Assignment: Down to the last line, set down the listing below exactly, apart from its pictures.
───── Exercise data ─────
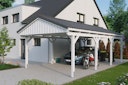 Vorschaubild Skan Holz Fichtelberg - Satteldach Einzelcarport Breite 423 cm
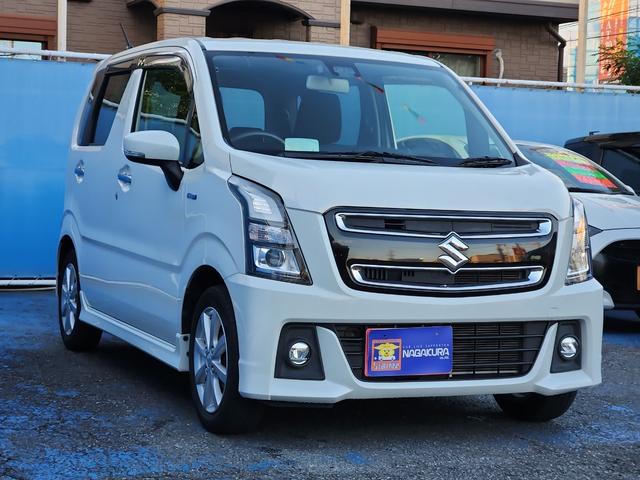 ワゴンＲスティングレー ハイブリッドＸ　ナビ　フルセグ　ＤＶＤ再生　Ｂｌｕｅｔｏｏｔｈ　ＥＴＣ　シートヒーター　オートライトＬＥＤ　フォグランプ　アイドリングストップ　純正アルミ（16枚目）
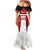 Custom Canada Hockey Family Matching Mermaid Dress and Hawaiian Shirt Moose Playing Ice Hockey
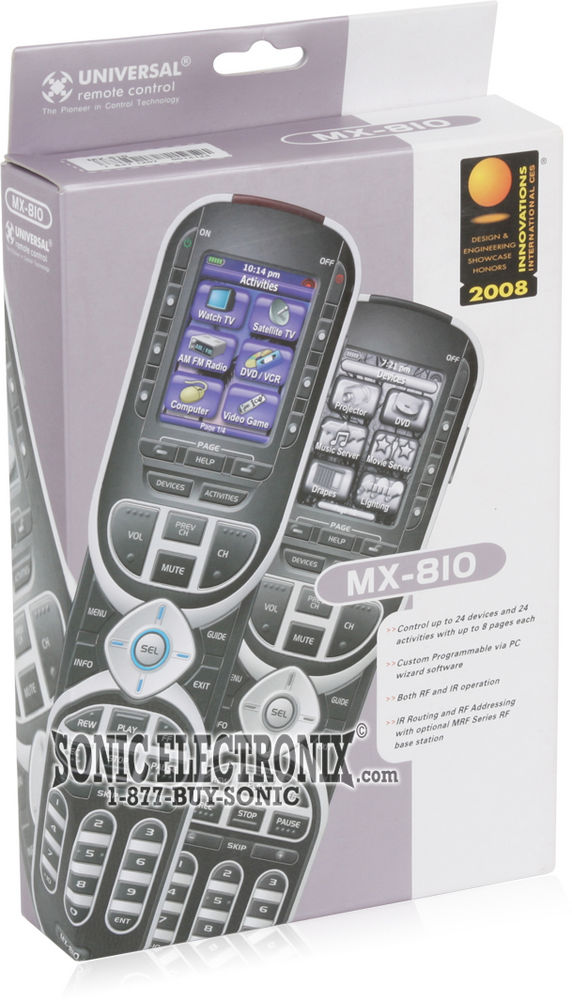 Universal Remote Control MX-810 Image 5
─────
Your response:
 Vorschaubild Skan Holz Fichtelberg - Satteldach Einzelcarport Breite 423 cm
 ワゴンＲスティングレー ハイブリッドＸ　ナビ　フルセグ　ＤＶＤ再生　Ｂｌｕｅｔｏｏｔｈ　ＥＴＣ　シートヒーター　オートライトＬＥＤ　フォグランプ　アイドリングストップ　純正アルミ（16枚目）
 Custom Canada Hockey Family Matching Mermaid Dress and Hawaiian Shirt Moose Playing Ice Hockey
 Universal Remote Control MX-810 Image 5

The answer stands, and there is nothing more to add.